What is expected:
Needed from the data below: every line from the one with "cooldrummerus avatar" up to and including the one with "Product Image 1", repeated exactly and with nothing else.

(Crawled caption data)
BEGIN

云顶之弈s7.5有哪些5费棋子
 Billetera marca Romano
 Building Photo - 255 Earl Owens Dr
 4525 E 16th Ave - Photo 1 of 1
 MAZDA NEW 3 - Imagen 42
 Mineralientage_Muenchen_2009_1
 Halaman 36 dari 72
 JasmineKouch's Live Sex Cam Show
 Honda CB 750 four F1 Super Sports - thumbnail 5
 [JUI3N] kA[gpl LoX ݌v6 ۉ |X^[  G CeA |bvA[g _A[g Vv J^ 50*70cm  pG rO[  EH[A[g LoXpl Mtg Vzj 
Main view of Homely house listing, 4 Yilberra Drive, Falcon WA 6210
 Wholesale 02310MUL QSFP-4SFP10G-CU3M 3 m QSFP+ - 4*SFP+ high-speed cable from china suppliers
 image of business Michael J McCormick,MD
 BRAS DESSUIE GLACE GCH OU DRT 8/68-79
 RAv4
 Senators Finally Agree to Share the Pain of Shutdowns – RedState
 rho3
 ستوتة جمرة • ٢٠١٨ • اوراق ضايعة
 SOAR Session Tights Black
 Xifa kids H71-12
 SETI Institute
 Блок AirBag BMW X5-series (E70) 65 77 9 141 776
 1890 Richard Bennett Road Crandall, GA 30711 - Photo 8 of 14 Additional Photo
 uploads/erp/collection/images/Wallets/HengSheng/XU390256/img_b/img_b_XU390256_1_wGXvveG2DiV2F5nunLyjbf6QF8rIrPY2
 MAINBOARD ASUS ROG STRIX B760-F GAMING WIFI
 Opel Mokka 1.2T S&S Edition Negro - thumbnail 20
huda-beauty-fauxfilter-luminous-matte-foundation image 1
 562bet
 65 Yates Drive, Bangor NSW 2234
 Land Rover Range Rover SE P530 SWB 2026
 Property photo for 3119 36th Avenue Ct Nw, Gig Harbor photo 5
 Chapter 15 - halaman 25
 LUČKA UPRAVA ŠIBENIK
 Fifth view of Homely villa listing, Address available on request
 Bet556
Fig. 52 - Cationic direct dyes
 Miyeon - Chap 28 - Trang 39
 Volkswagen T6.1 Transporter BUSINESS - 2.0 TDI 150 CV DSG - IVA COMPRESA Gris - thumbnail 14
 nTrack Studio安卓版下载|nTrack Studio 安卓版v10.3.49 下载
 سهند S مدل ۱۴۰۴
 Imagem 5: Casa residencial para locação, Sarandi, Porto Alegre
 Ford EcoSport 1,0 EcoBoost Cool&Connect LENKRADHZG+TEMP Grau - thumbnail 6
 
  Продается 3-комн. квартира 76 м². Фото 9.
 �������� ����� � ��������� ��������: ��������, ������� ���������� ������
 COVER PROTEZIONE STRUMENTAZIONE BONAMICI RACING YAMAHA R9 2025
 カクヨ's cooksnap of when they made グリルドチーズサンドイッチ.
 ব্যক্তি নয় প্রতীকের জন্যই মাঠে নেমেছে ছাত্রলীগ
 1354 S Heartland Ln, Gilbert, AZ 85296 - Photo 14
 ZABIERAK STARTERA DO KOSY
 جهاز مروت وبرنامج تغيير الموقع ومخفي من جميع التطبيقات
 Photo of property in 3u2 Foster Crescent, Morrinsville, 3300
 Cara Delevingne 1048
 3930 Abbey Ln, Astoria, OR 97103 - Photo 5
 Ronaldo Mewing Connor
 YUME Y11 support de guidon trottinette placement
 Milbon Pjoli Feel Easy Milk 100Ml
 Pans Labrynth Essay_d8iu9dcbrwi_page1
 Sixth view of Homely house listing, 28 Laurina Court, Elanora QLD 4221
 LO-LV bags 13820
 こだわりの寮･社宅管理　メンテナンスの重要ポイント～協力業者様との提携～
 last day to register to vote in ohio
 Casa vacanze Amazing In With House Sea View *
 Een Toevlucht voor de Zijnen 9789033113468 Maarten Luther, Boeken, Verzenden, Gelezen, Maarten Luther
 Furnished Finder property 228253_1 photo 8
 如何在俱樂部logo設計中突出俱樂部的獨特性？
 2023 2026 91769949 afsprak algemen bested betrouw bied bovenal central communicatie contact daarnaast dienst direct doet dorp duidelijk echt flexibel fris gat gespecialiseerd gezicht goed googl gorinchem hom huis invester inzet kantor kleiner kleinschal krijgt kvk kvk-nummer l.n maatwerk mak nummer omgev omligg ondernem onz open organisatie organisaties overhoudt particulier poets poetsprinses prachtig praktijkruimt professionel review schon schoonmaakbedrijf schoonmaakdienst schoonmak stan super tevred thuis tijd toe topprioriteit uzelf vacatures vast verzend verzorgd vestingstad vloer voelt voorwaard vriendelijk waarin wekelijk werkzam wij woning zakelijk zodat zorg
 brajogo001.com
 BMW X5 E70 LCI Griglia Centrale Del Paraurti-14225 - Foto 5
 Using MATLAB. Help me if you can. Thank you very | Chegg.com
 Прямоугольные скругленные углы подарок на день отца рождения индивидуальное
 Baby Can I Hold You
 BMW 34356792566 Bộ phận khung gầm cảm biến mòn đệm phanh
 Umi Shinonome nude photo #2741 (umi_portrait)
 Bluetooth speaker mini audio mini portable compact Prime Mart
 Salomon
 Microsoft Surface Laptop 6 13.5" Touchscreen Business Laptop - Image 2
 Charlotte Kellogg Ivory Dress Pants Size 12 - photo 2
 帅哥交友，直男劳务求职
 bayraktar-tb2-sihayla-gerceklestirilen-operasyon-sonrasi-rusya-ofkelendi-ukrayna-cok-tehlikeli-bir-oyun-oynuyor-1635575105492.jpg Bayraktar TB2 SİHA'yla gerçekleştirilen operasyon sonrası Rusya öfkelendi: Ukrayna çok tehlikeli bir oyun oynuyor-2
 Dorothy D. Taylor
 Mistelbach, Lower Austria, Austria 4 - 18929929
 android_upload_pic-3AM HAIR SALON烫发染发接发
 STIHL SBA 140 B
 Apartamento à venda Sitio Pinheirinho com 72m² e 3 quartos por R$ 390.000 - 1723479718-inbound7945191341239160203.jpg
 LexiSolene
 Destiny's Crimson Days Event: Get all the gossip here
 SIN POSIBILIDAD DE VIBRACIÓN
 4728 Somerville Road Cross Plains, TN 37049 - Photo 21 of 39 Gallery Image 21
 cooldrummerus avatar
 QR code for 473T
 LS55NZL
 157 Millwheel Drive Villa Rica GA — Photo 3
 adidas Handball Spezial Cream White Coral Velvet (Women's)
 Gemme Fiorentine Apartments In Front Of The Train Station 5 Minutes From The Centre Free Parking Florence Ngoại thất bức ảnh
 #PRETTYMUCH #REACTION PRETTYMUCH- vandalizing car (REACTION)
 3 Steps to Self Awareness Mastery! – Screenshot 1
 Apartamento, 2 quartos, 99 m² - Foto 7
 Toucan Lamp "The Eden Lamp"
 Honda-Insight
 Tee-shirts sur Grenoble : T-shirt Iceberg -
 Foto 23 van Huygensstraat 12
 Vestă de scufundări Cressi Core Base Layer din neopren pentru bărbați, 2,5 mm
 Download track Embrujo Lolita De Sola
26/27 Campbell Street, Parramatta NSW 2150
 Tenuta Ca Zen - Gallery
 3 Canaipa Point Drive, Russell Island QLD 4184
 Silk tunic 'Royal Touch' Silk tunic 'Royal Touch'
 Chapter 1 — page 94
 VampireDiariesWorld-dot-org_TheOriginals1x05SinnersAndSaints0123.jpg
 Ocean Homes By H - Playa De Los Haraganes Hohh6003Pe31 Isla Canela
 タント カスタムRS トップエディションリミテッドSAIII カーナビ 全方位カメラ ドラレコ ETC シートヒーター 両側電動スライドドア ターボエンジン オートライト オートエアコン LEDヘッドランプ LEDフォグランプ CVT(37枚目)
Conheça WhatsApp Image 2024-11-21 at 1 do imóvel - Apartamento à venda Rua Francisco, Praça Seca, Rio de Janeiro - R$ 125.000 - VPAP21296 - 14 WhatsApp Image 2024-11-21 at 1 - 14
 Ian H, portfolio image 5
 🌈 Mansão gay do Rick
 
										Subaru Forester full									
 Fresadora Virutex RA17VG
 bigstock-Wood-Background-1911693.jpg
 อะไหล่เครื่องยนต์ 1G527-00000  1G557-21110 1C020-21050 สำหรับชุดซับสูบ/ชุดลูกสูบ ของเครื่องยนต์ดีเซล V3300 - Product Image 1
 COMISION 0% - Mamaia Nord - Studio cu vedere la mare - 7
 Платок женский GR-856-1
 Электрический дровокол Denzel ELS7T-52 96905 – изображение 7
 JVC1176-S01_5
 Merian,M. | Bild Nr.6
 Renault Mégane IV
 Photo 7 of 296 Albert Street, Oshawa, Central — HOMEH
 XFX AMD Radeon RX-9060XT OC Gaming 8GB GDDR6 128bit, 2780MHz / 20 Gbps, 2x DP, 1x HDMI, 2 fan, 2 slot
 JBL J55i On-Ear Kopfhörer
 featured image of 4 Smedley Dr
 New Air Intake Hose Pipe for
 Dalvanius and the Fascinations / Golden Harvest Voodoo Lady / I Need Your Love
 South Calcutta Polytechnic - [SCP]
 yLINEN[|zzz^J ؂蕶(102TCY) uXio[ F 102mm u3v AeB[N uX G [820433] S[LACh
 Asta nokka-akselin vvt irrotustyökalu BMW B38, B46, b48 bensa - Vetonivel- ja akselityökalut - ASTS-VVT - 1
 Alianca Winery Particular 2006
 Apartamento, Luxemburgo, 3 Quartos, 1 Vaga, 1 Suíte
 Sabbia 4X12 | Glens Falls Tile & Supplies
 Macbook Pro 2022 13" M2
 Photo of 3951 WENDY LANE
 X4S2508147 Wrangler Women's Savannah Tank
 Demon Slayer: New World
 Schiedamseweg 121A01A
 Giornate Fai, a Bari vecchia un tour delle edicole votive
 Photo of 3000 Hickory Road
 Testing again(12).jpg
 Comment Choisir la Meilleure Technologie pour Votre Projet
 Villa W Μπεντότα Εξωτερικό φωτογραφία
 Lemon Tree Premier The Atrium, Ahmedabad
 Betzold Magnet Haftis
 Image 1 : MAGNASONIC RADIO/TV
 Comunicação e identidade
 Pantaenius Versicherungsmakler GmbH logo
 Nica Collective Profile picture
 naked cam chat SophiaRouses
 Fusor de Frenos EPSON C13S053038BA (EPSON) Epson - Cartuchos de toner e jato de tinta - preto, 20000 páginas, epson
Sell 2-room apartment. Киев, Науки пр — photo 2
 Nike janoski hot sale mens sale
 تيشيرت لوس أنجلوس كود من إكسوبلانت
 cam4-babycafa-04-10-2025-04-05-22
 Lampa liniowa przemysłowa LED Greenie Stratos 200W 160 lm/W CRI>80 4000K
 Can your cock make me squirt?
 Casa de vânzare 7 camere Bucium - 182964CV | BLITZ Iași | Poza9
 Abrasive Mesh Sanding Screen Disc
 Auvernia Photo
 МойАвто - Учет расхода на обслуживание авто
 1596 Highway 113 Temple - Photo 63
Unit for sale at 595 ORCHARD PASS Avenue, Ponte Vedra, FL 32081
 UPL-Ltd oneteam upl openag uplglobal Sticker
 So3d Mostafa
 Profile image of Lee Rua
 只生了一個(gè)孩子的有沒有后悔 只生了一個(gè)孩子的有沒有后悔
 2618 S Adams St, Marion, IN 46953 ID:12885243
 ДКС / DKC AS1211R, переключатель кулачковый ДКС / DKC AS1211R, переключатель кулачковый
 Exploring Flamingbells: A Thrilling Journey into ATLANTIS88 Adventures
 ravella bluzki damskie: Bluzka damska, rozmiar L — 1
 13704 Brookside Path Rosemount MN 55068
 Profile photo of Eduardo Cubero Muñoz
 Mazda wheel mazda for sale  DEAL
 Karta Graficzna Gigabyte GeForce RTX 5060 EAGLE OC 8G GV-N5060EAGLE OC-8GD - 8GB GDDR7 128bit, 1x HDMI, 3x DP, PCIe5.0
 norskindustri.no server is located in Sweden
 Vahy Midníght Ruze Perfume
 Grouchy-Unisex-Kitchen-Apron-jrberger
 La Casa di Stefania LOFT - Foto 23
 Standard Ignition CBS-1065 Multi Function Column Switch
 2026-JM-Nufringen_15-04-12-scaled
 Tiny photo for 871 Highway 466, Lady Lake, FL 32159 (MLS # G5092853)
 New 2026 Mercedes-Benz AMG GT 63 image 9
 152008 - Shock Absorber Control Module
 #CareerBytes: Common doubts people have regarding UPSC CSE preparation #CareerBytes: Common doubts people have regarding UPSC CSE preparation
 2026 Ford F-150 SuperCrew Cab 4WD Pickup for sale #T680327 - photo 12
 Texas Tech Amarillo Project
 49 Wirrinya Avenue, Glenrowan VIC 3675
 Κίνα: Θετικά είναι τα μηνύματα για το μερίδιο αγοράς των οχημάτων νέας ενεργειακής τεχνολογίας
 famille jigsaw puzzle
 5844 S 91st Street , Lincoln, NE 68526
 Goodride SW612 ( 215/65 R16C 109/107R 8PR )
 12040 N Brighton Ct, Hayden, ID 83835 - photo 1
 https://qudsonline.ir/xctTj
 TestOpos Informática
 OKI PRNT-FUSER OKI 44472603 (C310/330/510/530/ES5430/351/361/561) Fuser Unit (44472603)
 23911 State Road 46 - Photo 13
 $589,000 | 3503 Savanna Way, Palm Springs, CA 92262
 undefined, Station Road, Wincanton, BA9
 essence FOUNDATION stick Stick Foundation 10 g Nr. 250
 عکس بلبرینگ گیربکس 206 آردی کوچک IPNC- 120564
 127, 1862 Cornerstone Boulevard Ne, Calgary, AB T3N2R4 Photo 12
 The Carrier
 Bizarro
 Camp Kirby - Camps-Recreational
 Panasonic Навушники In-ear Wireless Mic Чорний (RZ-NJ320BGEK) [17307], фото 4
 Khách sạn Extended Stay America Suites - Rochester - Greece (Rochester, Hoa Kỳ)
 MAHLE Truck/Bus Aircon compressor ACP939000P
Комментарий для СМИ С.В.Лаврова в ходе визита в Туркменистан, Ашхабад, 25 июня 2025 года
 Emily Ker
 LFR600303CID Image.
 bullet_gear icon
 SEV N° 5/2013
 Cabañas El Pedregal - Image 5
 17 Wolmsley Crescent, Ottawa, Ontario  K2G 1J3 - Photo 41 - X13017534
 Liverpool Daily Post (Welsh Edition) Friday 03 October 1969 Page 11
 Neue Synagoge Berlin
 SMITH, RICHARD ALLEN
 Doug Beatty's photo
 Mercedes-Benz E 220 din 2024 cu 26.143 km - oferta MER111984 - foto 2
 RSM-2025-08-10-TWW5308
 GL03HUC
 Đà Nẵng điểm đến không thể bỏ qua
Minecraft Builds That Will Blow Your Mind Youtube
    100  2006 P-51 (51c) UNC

END

Response:
 cooldrummerus avatar
 QR code for 473T
 LS55NZL
 157 Millwheel Drive Villa Rica GA — Photo 3
 adidas Handball Spezial Cream White Coral Velvet (Women's)
 Gemme Fiorentine Apartments In Front Of The Train Station 5 Minutes From The Centre Free Parking Florence Ngoại thất bức ảnh
 #PRETTYMUCH #REACTION PRETTYMUCH- vandalizing car (REACTION)
 3 Steps to Self Awareness Mastery! – Screenshot 1
 Apartamento, 2 quartos, 99 m² - Foto 7
 Toucan Lamp "The Eden Lamp"
 Honda-Insight
 Tee-shirts sur Grenoble : T-shirt Iceberg -
 Foto 23 van Huygensstraat 12
 Vestă de scufundări Cressi Core Base Layer din neopren pentru bărbați, 2,5 mm
 Download track Embrujo Lolita De Sola
26/27 Campbell Street, Parramatta NSW 2150
 Tenuta Ca Zen - Gallery
 3 Canaipa Point Drive, Russell Island QLD 4184
 Silk tunic 'Royal Touch' Silk tunic 'Royal Touch'
 Chapter 1 — page 94
 VampireDiariesWorld-dot-org_TheOriginals1x05SinnersAndSaints0123.jpg
 Ocean Homes By H - Playa De Los Haraganes Hohh6003Pe31 Isla Canela
 タント カスタムRS トップエディションリミテッドSAIII カーナビ 全方位カメラ ドラレコ ETC シートヒーター 両側電動スライドドア ターボエンジン オートライト オートエアコン LEDヘッドランプ LEDフォグランプ CVT(37枚目)
Conheça WhatsApp Image 2024-11-21 at 1 do imóvel - Apartamento à venda Rua Francisco, Praça Seca, Rio de Janeiro - R$ 125.000 - VPAP21296 - 14 WhatsApp Image 2024-11-21 at 1 - 14
 Ian H, portfolio image 5
 🌈 Mansão gay do Rick
 
										Subaru Forester full									
 Fresadora Virutex RA17VG
 bigstock-Wood-Background-1911693.jpg
 อะไหล่เครื่องยนต์ 1G527-00000  1G557-21110 1C020-21050 สำหรับชุดซับสูบ/ชุดลูกสูบ ของเครื่องยนต์ดีเซล V3300 - Product Image 1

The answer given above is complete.